-1

So basically I've gotten into web scraping and I've started collecting data with numbers and strings that I can't seem to separate, with this in mind, how does one see if something is greater/equal/less than something. For example 500 cars, 7000 rocket parts, etc... you get the point

Tomerikoo
  • 18,379
  • 16
  • 47
  • 61
Hussein
  • 97
  • 7

2 Answers2

1

After extracting your number strings, you convert them to integers or floats. You can then do comparison and numerical operations on them as with any other number.
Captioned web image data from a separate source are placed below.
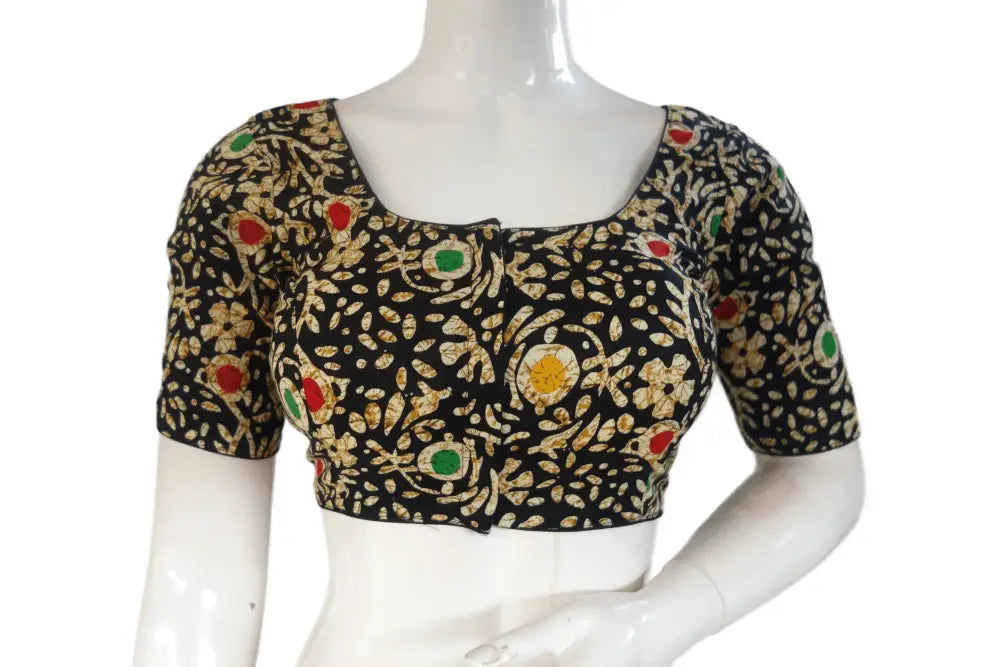 Black Color Cotton Printed Readymade Saree Blouse - D3blouses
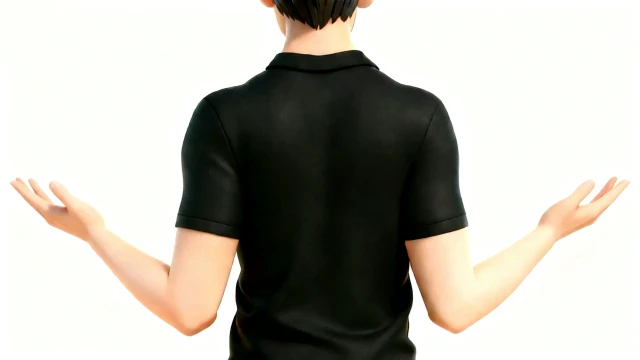 理学療法士監修：肩甲骨周り、背筋を鍛えて、きれいな姿勢を保つ自主トレイラスト素材。菱形筋の筋トレをするイラスト2。理学療法士が制作したセルフケアに最適な自主トレ素材。商用無料・白背景・フラットデザインの高品質なフリー画像。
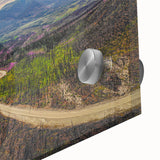 Large abstract wall art of Yukon scenery on acrylic glass, featuring mid-century modernist style, ideal for dining room art.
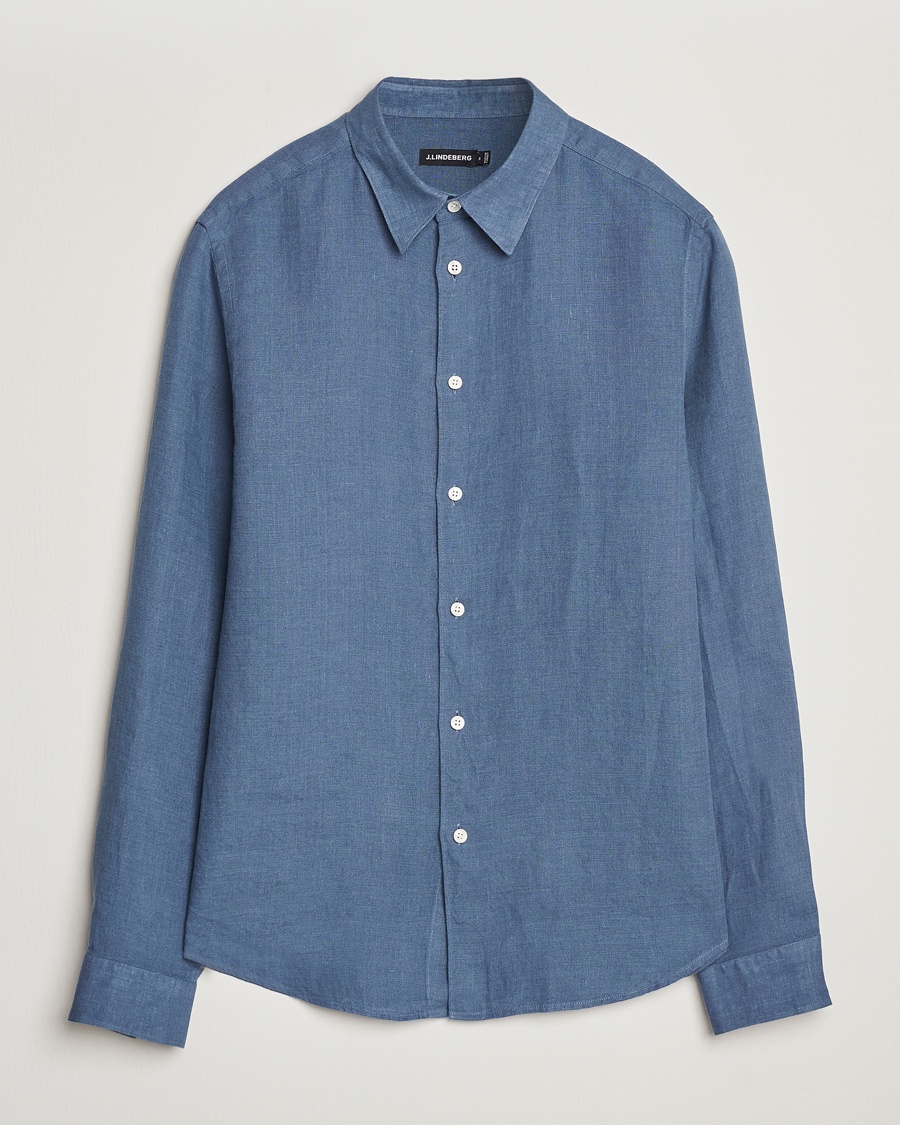 Men | Linen Shirts | J.Lindeberg | Slim Linen Melange Shirt Rain Washed
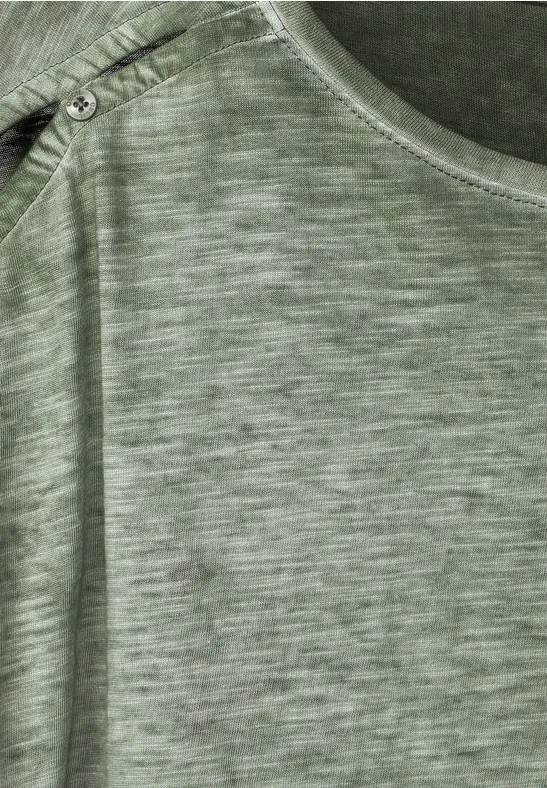 T-shirt met knoopontwerp desert olive green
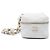 Vanity Clutch Cube in lambskin matelassé bianca con catena Chanel CC Bianco Crudo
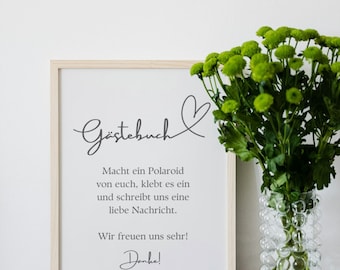Signe de livre d’or photo, mariage, signe de livre d’or photo allemand, signe de mariage, livre d’or, téléchargement numérique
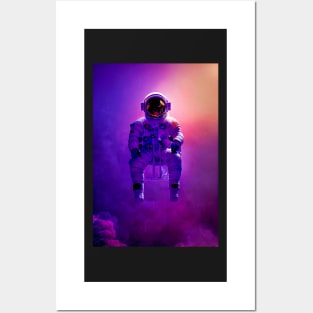 Astronaut sitting on a chair in space Posters and Art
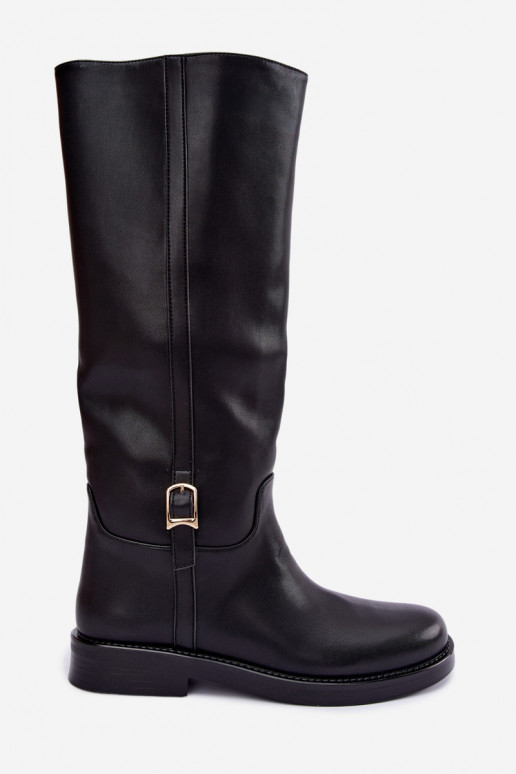 botas altas con hebillas y tacones anchos en color negro Ismerelle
As an example, the following code populates a dictionary which each item found in your text and its integer count:

sample = "For example 500 cars, 7000 rocket parts, etc... you get the point"

items = {}
for idx, word in enumerate(sample.split()):
    if word.isnumeric() and idx + 1 != len(sample.split()):
        items[sample.split()[idx + 1]] = int(word)
print(items)

Output:

{'cars,': 500, 'rocket': 7000}
Tomerikoo
  • 18,379
  • 16
  • 47
  • 61
pakpe
  • 5,391
  • 2
  • 8
  • 23
1

you can easy find numbers followed by a word like "500 cars" and extract them with regex, then , using dict comprehension, you can store them in a dictionary

import re
str = "For example 500 cars, 7000 rocket parts, etc... you get the point"
pattern = '(\d+)\s([^\s,.;]+)[^\s]*\s'
yourdict = {obj: int(num) for num, obj in re.findall(pattern, str)}
print(yourdict)

output:

{'cars': 500, 'rocket': 7000}

instead if you only want th integers you can do:

import re
str = "For example 500 cars, 7000 rocket parts, etc... you get the point"
pattern = '(\d+)\s([^\s,.;]+)[^\s]*\s'
yourlist = [int(num) for num, obj in re.findall(pattern, str)]
print(yourlist)

output:

[500, 7000]
Leonardo Scotti
  • 1,069
  • 8
  • 21